Es consciente de que lo que ha hecho no está al alcance de la gente de su edad y de que si no compartiera el piso con sus dos compañeros hubiera sido imposible dar el salto: «Soy el único de mis amigos que se ha marchado de casa. A la mayoría le da envidia pero también sé que sin compartir la casa con dos más hubiera sido imposible porque los precios de todo son muy altos », afirma, mientras da los últimos toques para que su casa quede lo más aseada y recogida posible. 

Adrián se apaña más o menos con la cocina y si no, consulta en internet. «Mira, el otro día un compañero estaba haciendo unas albóndigas mirando en Youtube, pues esa receta ya la sabemos.

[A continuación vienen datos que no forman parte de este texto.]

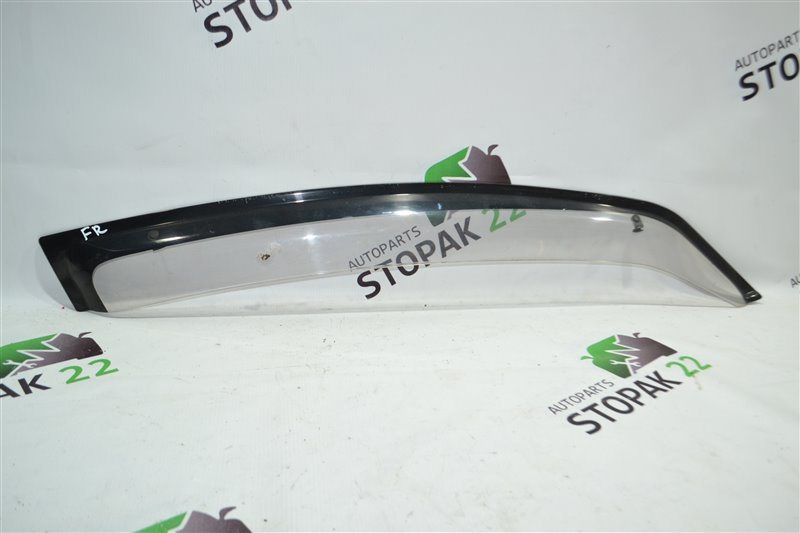 Ветровик Toyota Corolla Spacio NZE/ZZE121/122/124 1NZ/1ZZ 2000 передний правый (б/у)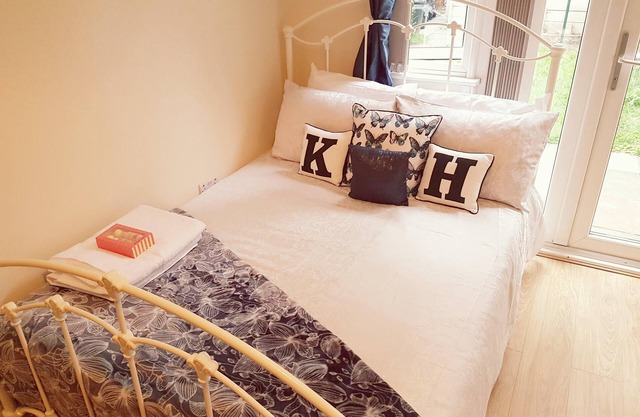 KATHLEEN HOUSE PLUS - 2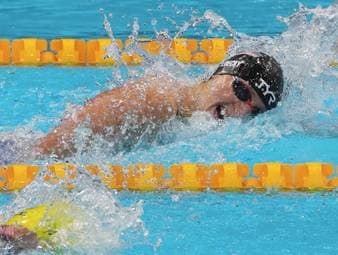Vor dem Beginn der Olympischen Spiele äußern sich die US-Schwimmer Nic Fink und seine Teamkollegin Katie Ledecky zu den Doping-Vorwürfen gegen die 23 chinesischen Schwimmer*innen aus dem Jahr 2021.
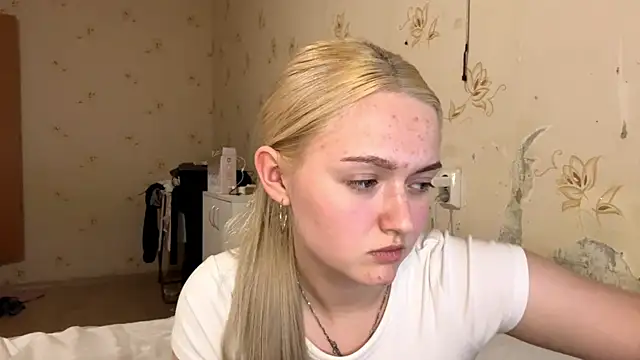 Sophia Blonde online show from April 5, 4:37 pm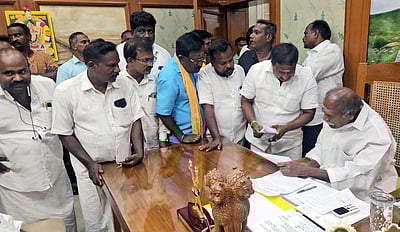 சென்டாக் மூலம் நடைபெறும் மாணவா் இறுதி சோ்க்கையை நிறுத்த வேண்டும்: முதல்வரிடம் வலியுறுத்தல்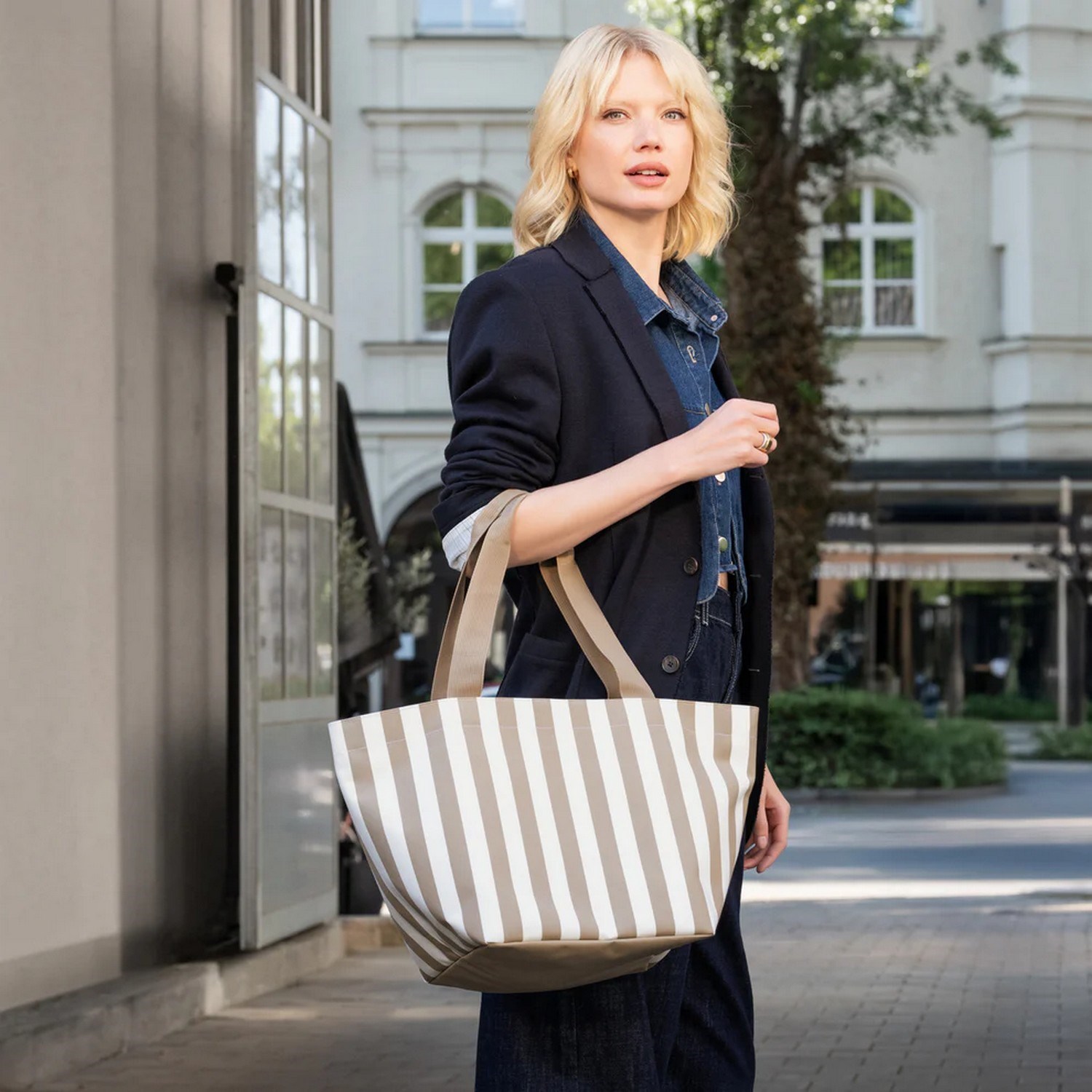 Taška přes rameno Reisenthel Shopper M summerstripes coffee_0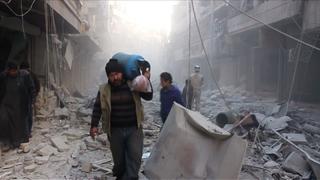 Rusia bombardea la ciudad más poblada de Siria [VIDEO]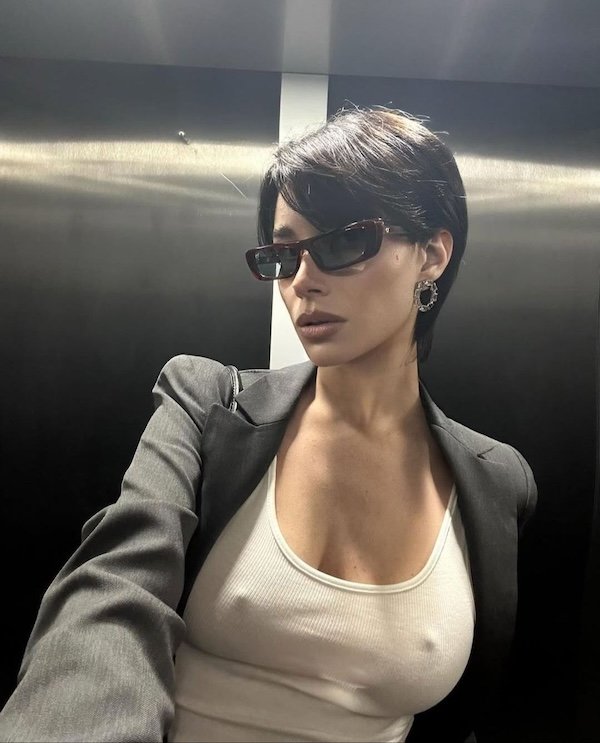 Braless Girls (29 pics)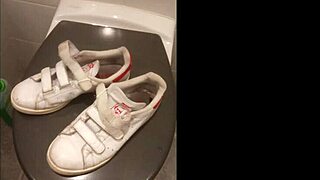 Whoa, 30 Minutes Sneaker Fetish Session in Marion's Home!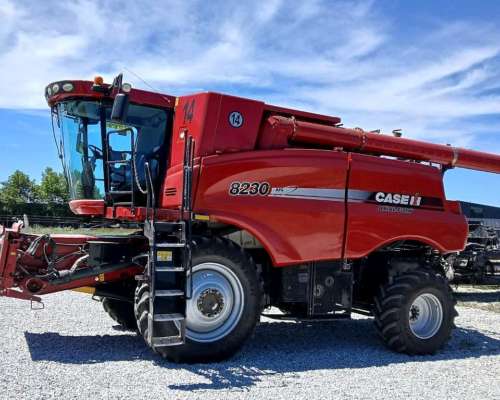 Case IH Axial Flow 8230 - año 2017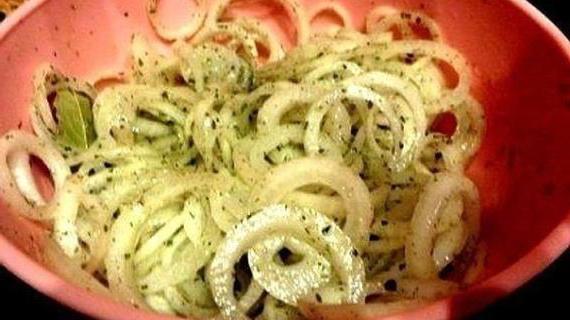 Ароматный маринованный лук для шашлыка и салатов — быстрый рецепт на каждый день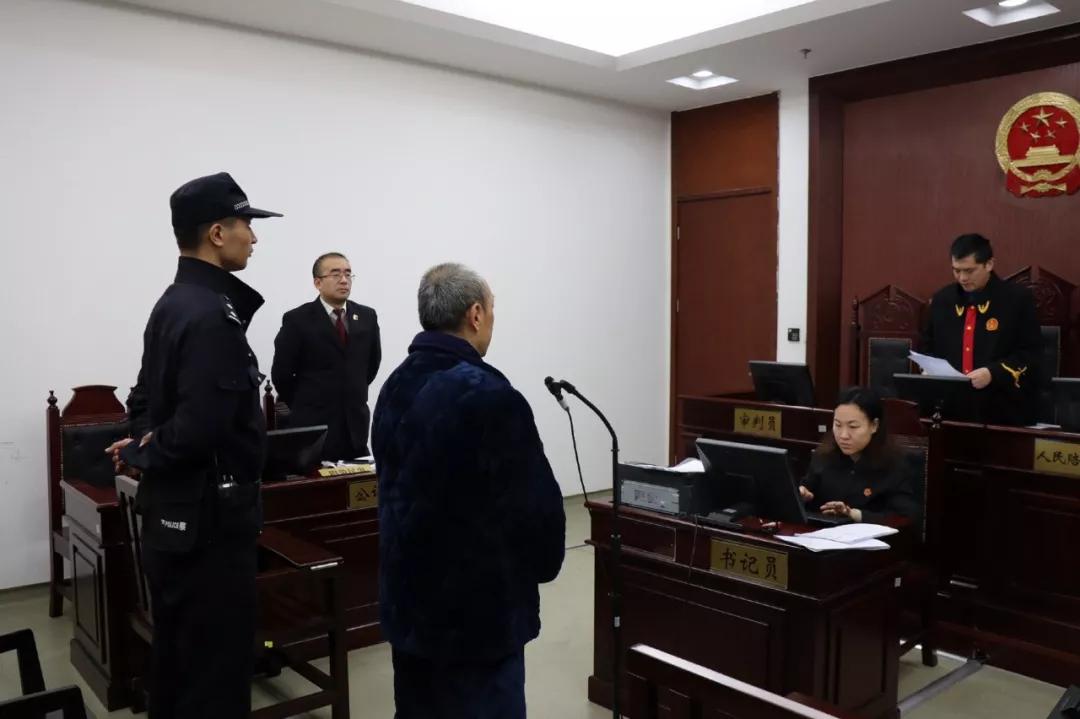 退休前他想“补贴”自己：倒卖储值卡、私藏金银纪念币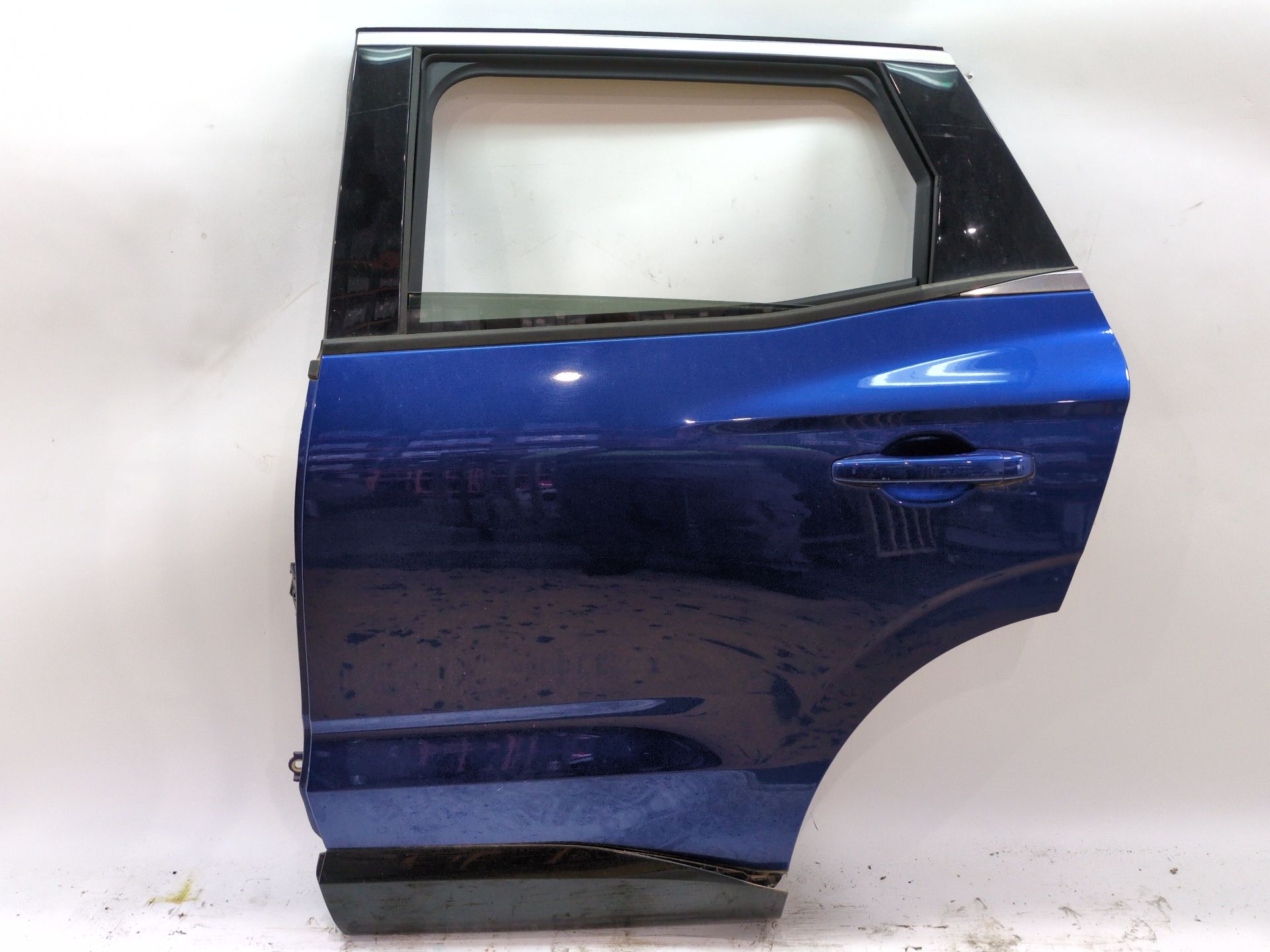 PUERTA TRASERA IZQUIERDA RENAULT AUSTRAL TCE 130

No soy de los que van a casa a por un táper pero es cierto que cuando mi madre, que es muy repostera, me dice que ha hecho bizcocho, voy corriendo a por él».

Insiste en que es «una experiencia genial» y que lo mismo que tiene de bueno lo tiene de malo: «Ahora yo soy el responsable de todo lo que hago y eso es muy bueno porque decido yo, pero también tiene una parte dura y es que tengo que asumir todas las decisiones que tomo». A eso se le llama también madurez.